This has been a terribly difficult summer for the Baltimore Symphony musicians—frankly, it has been a terribly difficult year. From the moment we arrived back in Baltimore following our triumphant tour to the UK and Ireland in September of 2018, we were caught in the shifting sands of the BSO’s financial uncertainty. First, the management wasn’t ready to negotiate on September 9. They then offered, and we turned down, a four-month extension, and we decided to play and talk. Finally the true intentions of our leadership were revealed in its October 30 proposal to lop 12 weeks off of our 52-week season, and thereby reduce us to a 40-week orchestra, and to reduce our annual salary by 20% as well.
The next eight months were a roller-coaster affair, with a short temporary extension until January 15 and then an agreement to play and talk. At this point, the musicians agreed not to strike and BSO management agreed not to lock us out—until May 30 when the leadership suddenly decided that détente was no longer in its interest. With two weeks’ notice, they abruptly cancelled the summer season and informed the musicians that we would be locked out on June 17. This decision was prompted by the failure of Maryland Governor Hogan to release $1.6 million in funding that had been provided for in a bill that the musicians and the community had lobbied the Maryland General Assembly to pass. This funding would have helped support the remainder of the season, while a “work group” mandated by the same House Bill 1404 provided analysis of the BSO’s finances and function.

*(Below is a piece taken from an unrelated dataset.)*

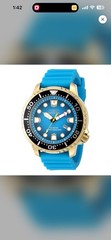 Invicta Men’s Diver Watch Blue Dial Gold Case Blue Band Rotating Bezel Box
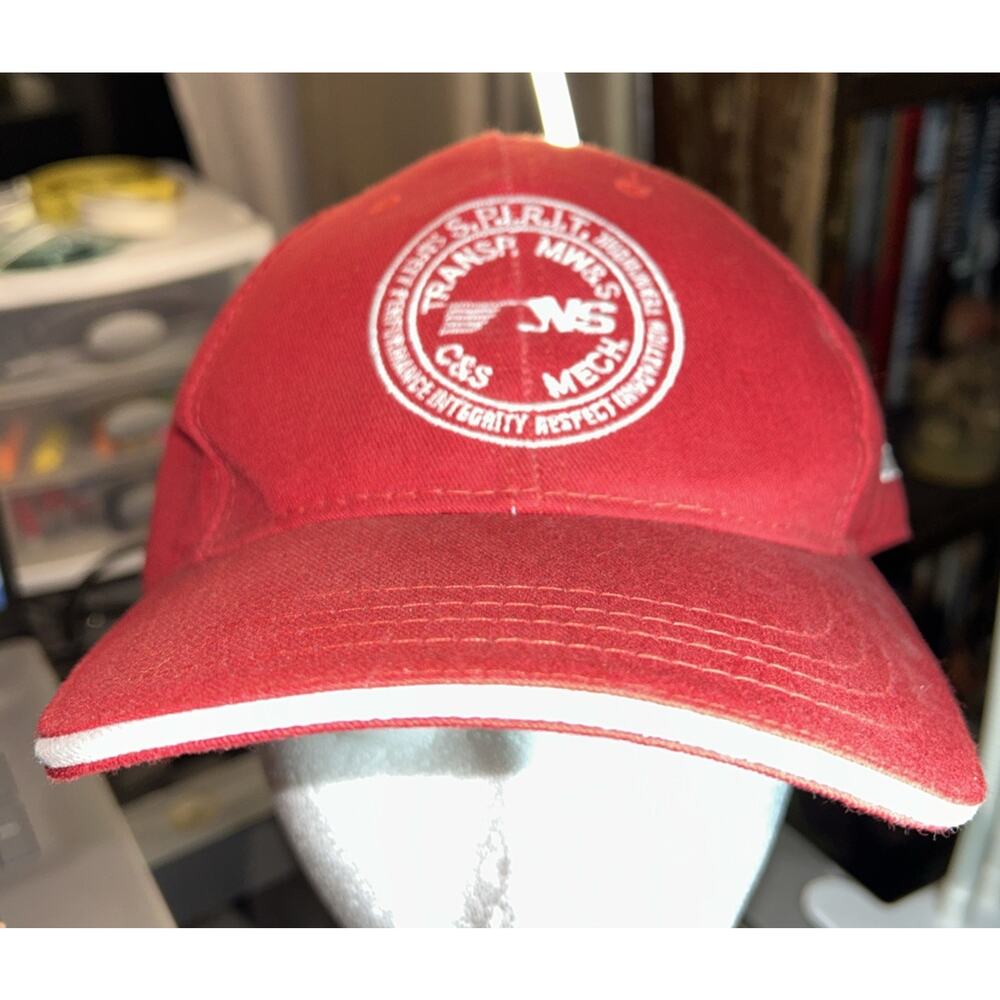 Norfolk Southern Railway Safety Caravan Red Adult Strap Back Logo Baseball Cap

Instead, we were out on the street. It was a long hot summer on the picket line. We thought we might maintain the picket for the first few weeks and then taper off while people went off to try to make some money in festivals and subbing with other orchestras, and indeed many of our players had no choice but to do that. But there was a contingent of warriors in our orchestra who were indomitable. They were there every day that we scheduled picketing, through sweltering heat and rainstorms. A sense of purpose grew in our ranks, and our unity was never in doubt. We were regularly joined by brothers and sisters from so many other unions, including the teachers and nurses unions, AGMA, IBEW, UFCW, AFSCME, IATSE, and too many more to name, as well as a host of community supporters and our very own Save Our BSO group. One of the local amateur musicians who played in our BSO Academy started a GoFundMe Campaign to supply us with meals while we marched. We eventually started our own GoFundMe Campaign, which has now raised nearly $84,000.
We are grateful to the musicians of ICSOM orchestras around the country for their collective and individual contributions to our cause, both financially through the Call to Action and personally through their presence on our picket line and working with us in our self-produced concerts. We thank ICSOM leadership for the active role it has played, issuing the Call to Action, sending letters and opinion pieces from Meredith Snow and Paul Austin to the editor of the Baltimore Sun, and offering behind-the-scenes assistance. We thank Paul Austin, Peter de Boor, and former chair Bruce Ridge for traveling to Baltimore to join us on the picket line. We’ve learned so much about what it means to be there for others by observing how others showed up for us this summer, and how we showed up for each other.
There were times I couldn’t be on the picket line because I had to be on my computer writing press releases or talking to reporters. Even on those days when I was at the picket line, I was busy on my phone or talking to a reporter. But I never had to worry about whether there would be a picket line or if our message was getting out, because I knew my colleagues would be there. They showed up every day and in every way we needed to, and Baltimore showed up for us in response.
Not only did our supporters show up on our picket line, they showed up with money to strengthen us and ultimately to get us back on the stage. A generous group of donors emerged that offered over $1 million to help put us back on the stage. And on Friday, September 20, at 11:30 p.m., we managed to come to a one-year agreement with BSO management. Because of these generous donors, we were able to hold our ground against salary concessions. We also agreed on a “Vision Committee” that will allow the musicians and all of the stakeholders of the organization—including these donors—to be more involved in the decision making processes, including determining the season length. In an unconventional format, we agreed to a shorter schedule of 40 working weeks for the remainder of the 19–20 season, which will include two weeks of summer programming. Management agreed to fund our regular weekly salary throughout the summer non-performance weeks. And although we will take the stage on Friday, September 27, to thunderous applause, we know that this is not the end. It’s only the beginning of the fight to preserve what has been built here over the last 104 years. Please stay with us as we fight on to #SaveOurBSO.
Note: The author is co-chair of the Baltimore Symphony Orchestra Players’ Committee.